From my experience (in automotive manufacturing and now as a consultant), I don't see failure to assess risks as much as I see simple confusion with the terms and requirements. Leadership of many (most?) organizations identify and manage risk every day. Some are relatively static (i.e. available workforce), others more dynamic (i.e. fuel surcharges). The METHODS that those organizations perform so called "RBT"....analyzing and managing risk, often vary considerably from company to company....industry to industry.
Regardless, organizations tend to read the standard and determine they need some ADDITIONAL method to articulate for the sake of the auditor. This often results in bulky, non-beneficial matrices with elaborate scoring ranking systems, that add (generally) a non-beneficial burden to one or two individuals....furthermore, these documents are (generally) not ".. .'integrated(ion into the organization’ business processes;".

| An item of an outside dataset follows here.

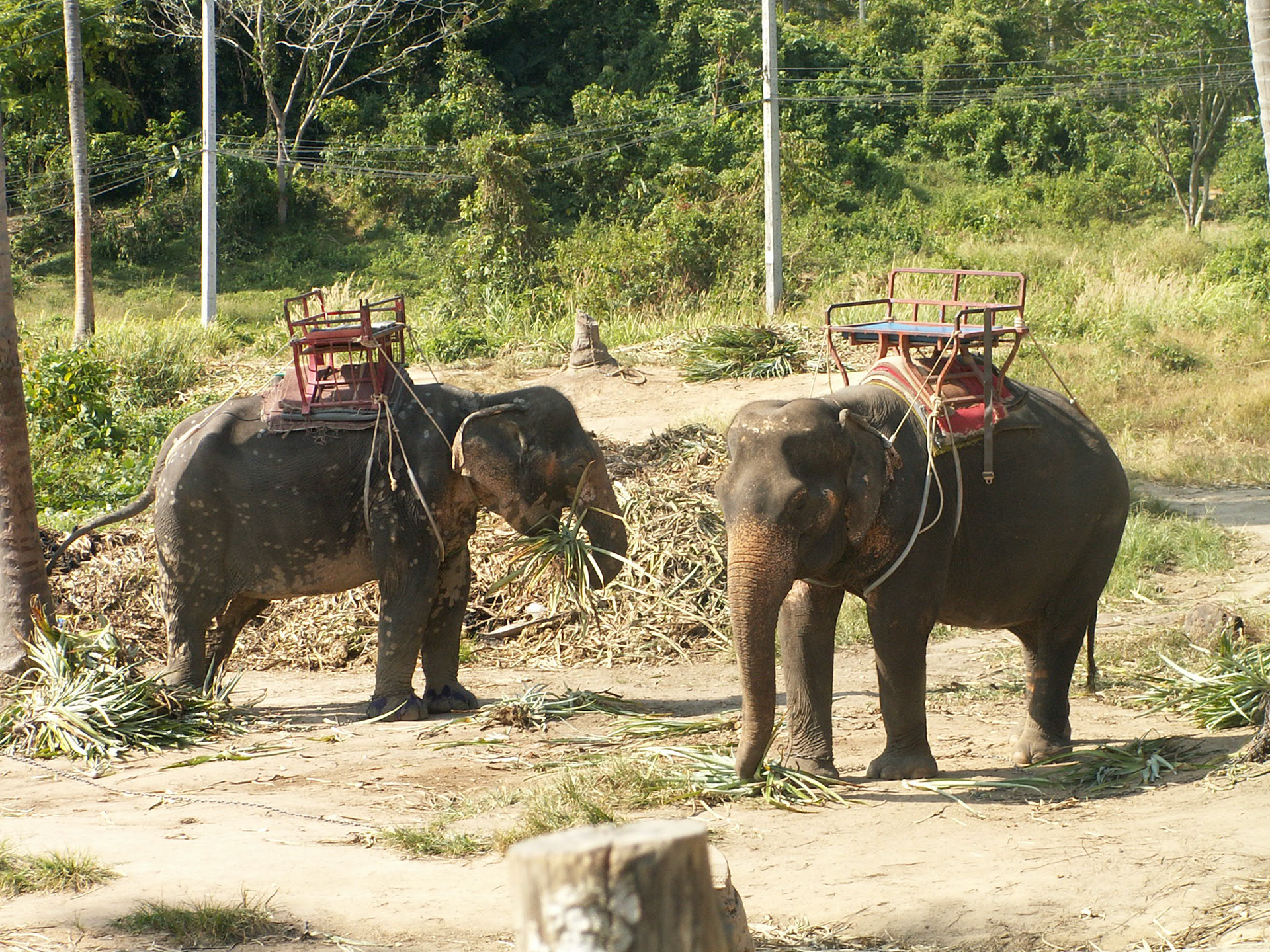 KONICA MINOLTA DIGITAL CAMERA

Why? Because leadership recognizes that there is (generally) no benefit to that approach and they (leadership) become frustrated and jaded by the entire concept of being QMS certified. THIS, I argue is one of the greatest reasons that QMS,s "fail". No. Leadership. Buy-in.
When we take such every day concepts such as "process" and "risk" and give them catchy terms and make them a 'thing'
(i.e.
d) promoting the use of the process approach and risk-based thinking; , ...
...it results in the futile activities and leadership snubbing that I describe above. I. See. This. Daily.
Instead, what if the standard simply came out and stated something like....
- Develop and manage the QMS and the auditing of same around the organization's processes and not the clauses of the standard.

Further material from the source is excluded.